When developing applications, experimentation in a dev environment is encouraged and relatively risk-free. Conversely, deploying and managing applications in production can be incredibly risky. Sometimes enterprises suffer so greatly that a drastic decision is made: in a recent poll of companies that dealt with unexpected downtime, 1 in 5 of them “let go” at least one employee as a result of the outage. There is little room for experimental improvements when any change to the status quo can have severe results.

This is why we see Reactive systems built to withstand failures gracefully and without resulting in downtime becoming more mainstream.

Pain #2: Existing Operations tools and technologies are inconvenient for Reactive applications

In response to these challenges, the market has embraced a handful of useful Ops technologies, e.g. Amazon EC2, Puppet, Chef, Ansible and many more. But enterprises soon discovered, especially with Reactive systems, that these tools and services are really best at supporting the infrastructure needs of a single application and server (or two). These tools are useful in many cases, but do not directly address the orchestration of a deployment to a cluster of 5 or 10 or 50 servers.

If you imagine the challenges of manually deploying a single app to a single server, then multiply that risk by N-servers to see what it’s like when deploying a Reactive system to a cluster, where a combination of Reactive and predictive scaling is often needed. Additionally, if anything goes wrong then a rollback of the whole deployment is necessary; being able to do so at the push of a button necessitates automation, versioning, immutable deployments and support for rolling upgrades. Without this type of set up, the risks and unpredictability of the roll-out can be huge in scope.

Operations need a more convenient and efficient alternative to managing custom scripts and a mashup of disparate tools. In addition to tools that help manage​ infrastructure, networks and OS, Operations needs coverage for the entire application cluster, prioritizing availability, resilience and long-term maintenance.

Pain #3: The costs and risks of downtime using the wrong solutions are higher than ever

What makes a great user experience today? The list is long, but probably would start with Responsiveness (aka availability). At this very moment, your customers are doing everything they can to stretch your systems to the limit, and they don’t want to wait. In an age when extreme loads on servers make downtime more likely, it’s also more expensive than ever before. Here is some data on the real-life costs of service downtime:

  • Gartner published that the industry-recognized average cost of downtime is equivalent to roughly $5,600 each minute (over $300,000 per hour)

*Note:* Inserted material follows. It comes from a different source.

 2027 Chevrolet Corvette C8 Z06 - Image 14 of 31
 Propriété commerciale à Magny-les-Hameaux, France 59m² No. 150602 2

  • Avaya’s 2013 survey of over 200 IT professionals in large companies revealed that 80% of them lost revenue during downtime—the average was approximately $140,000 per hour, with financial sector companies losing an average of $540,000 per hour

For all the cost that goes with it, achieving 99.999% availability is prohibitively expensive for most enterprises. Monolithic system architectures cannot be up 100%; many of us remember how Knight Capital lost $440 million due to incorrectly processed trades during a failed deployment, killing the entire company in just 30 minutes.

Reactive applications managed are designed with the understanding that they will often fail--but gracefully, isolating and replicating faulty instances while maintaining system responsiveness, resilience and elasticity.​

Final thoughts

It’s not secret that the demands placed on systems are ruthless nowadays. Starting with global expansion in mobile technology and continuing now with IoT, Operations deals with exponentially greater loads; yet for all their efforts, services provided by airlines, banks, retailers and telecommunications providers are still perceived to be sluggish.

If enterprise development teams continue to build Reactive applications based on distributed microservice-based architectures without a convenient, simple way of deploying and managing them in production, Operations will continue to face the three pains described above.